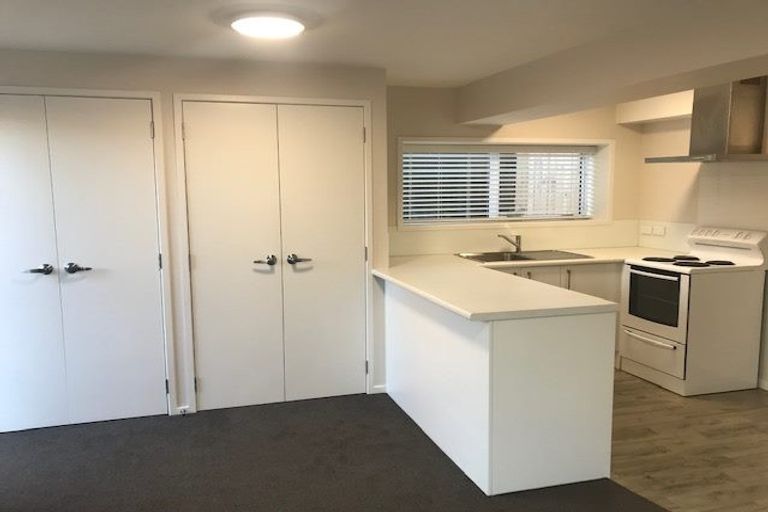 Photo of property in 2/8 Patons Road, Howick, Auckland, 2014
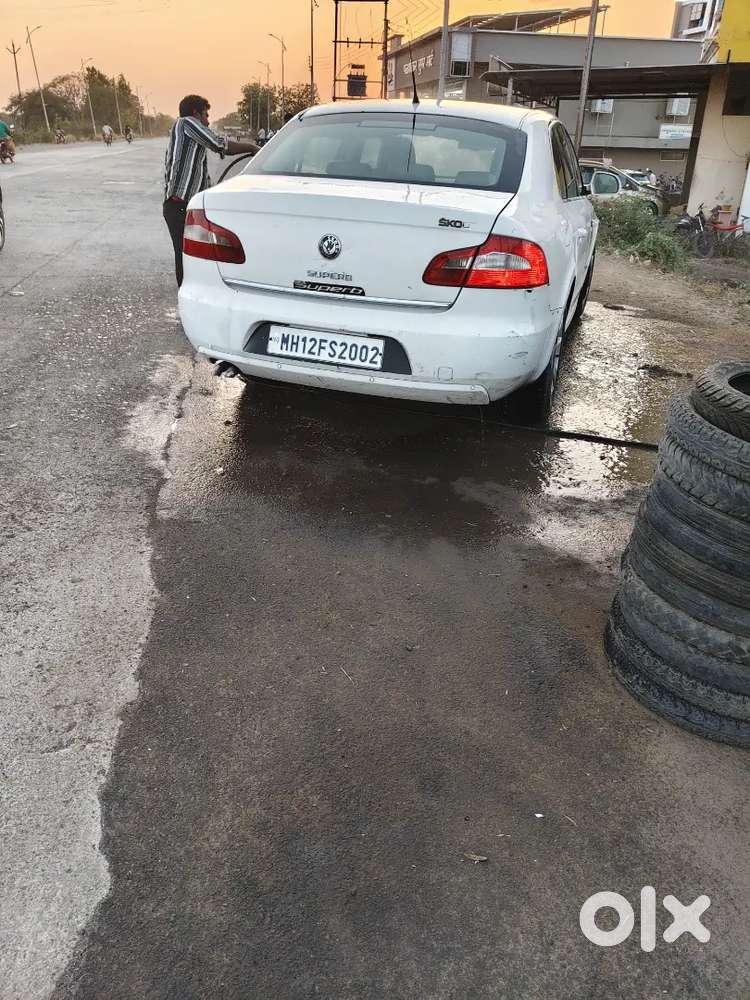 Skoda New Superb 2009 Diesel 100000 Km Driven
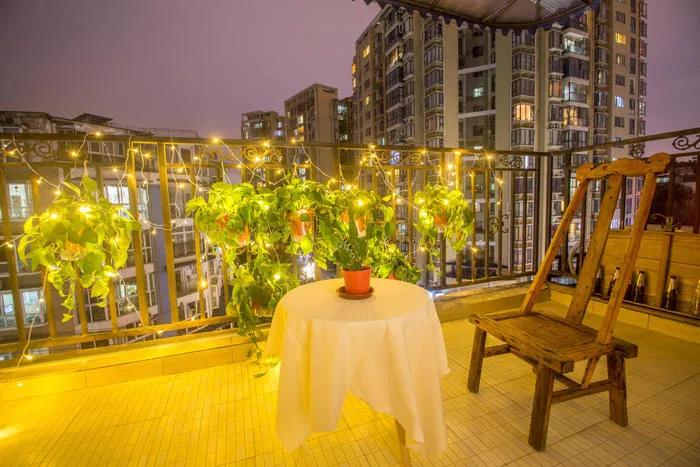 成都到青岛自驾游住宿攻略,成都旅游住宿攻略及费用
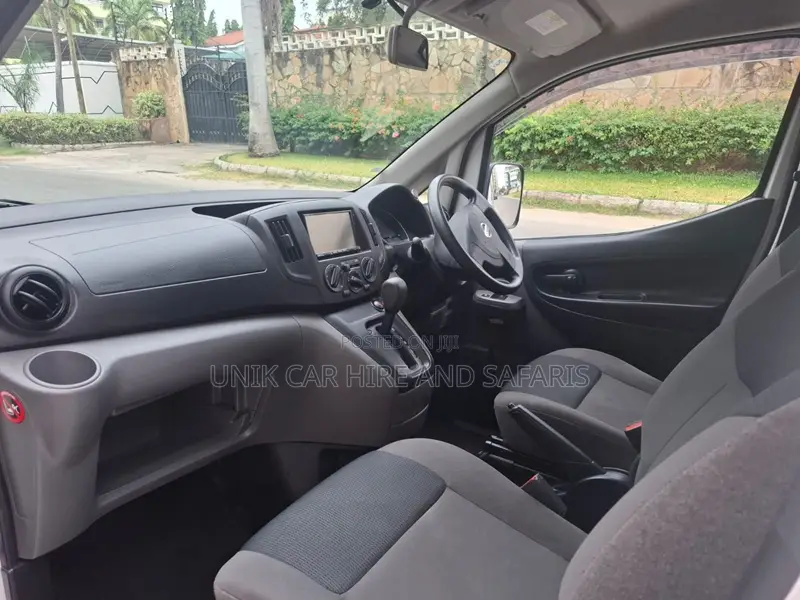 Nissan NV200 2019 White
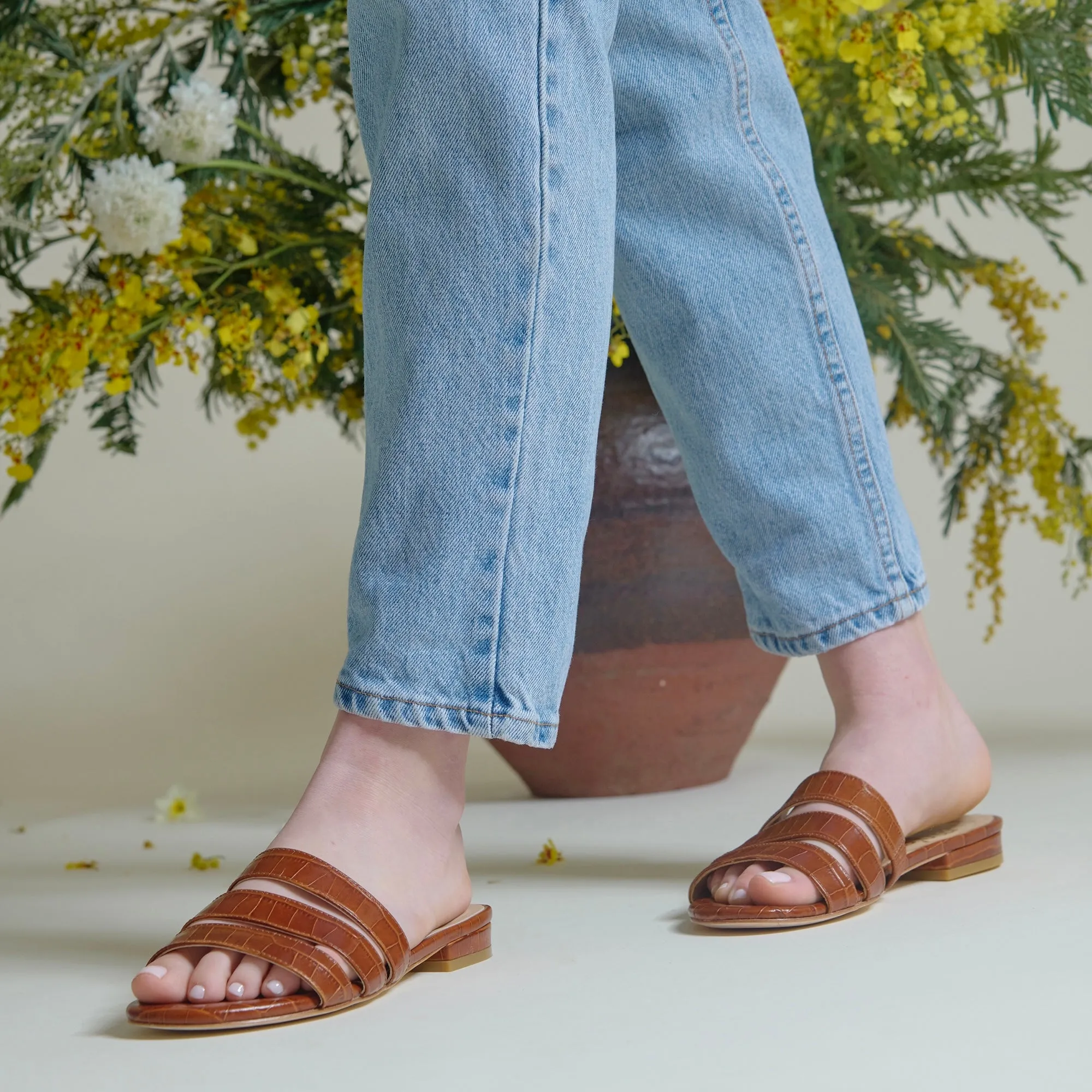 CJ Sandals - Cognac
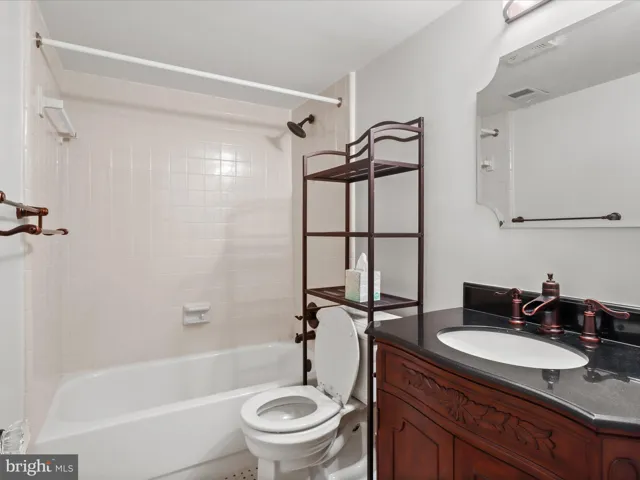 3533 36th St N, arlington, va, 22207, arlington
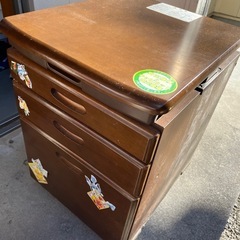 キャビネット
の画像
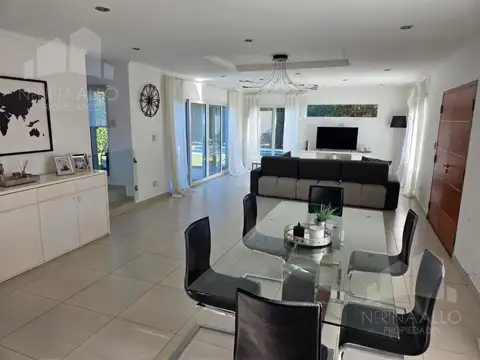 VENTA CASA 4 AMBIENTES EN FRANCISCO ALVAREZ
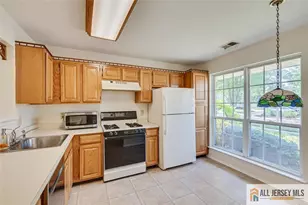 33 Tall Oaks Ct, Old Bridge Township, NJ 08857 - Photo 2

★ ★ ★

PROBLEM STATEMENT:
Print every record above exactly, but no pictures.

RESULT BELOW:
 Photo of property in 2/8 Patons Road, Howick, Auckland, 2014
 Skoda New Superb 2009 Diesel 100000 Km Driven
 成都到青岛自驾游住宿攻略,成都旅游住宿攻略及费用
 Nissan NV200 2019 White
 CJ Sandals - Cognac
 3533 36th St N, arlington, va, 22207, arlington
 キャビネット
の画像
 VENTA CASA 4 AMBIENTES EN FRANCISCO ALVAREZ
 33 Tall Oaks Ct, Old Bridge Township, NJ 08857 - Photo 2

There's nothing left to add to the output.